- Menikdiwela Location in Central Province, Sri Lanka
- Coordinates: 7°5′N 80°44′E﻿ / ﻿7.083°N 80.733°E
- Country: Sri Lanka
- Province: Central Province
- District: Kandy District

Population (2008)
- • Total: 1,000

Languages
- Time zone: UTC+5:30 (Sri Lanka Time)

= Menikdiwela =

Menikdiwela is a town in Yatinuwara Divisional Secretariat, Kandy District, Central Province, Sri Lanka.

== Geography and Demography ==
The town is situated near the Kegalle District border. Kandy is the nearest city, c. 20 km away.

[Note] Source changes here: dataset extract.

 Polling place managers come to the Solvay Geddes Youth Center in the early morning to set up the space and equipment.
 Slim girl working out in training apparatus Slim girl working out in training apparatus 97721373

According to the Local governing body, the population of Menikdiwela as of 2008 is about 1,000.

== Civil affair ==
The town is famous for various agricultural products like rice. Menikdiwela is also the hometown of Sirasa Superstar first season second Runner-up Amila Perera and J. R. Jayawardane's official secretariat W. M. P. B. Menikdiwela. In the beginning, the town started with only seven houses and developed.

Kandy-Pottapitiya and Kandy-Hataraliyadda (Via Thismada) roads split in Menikdiwela Junction.

Menikdiwela Central College is also located at Menikdiwela.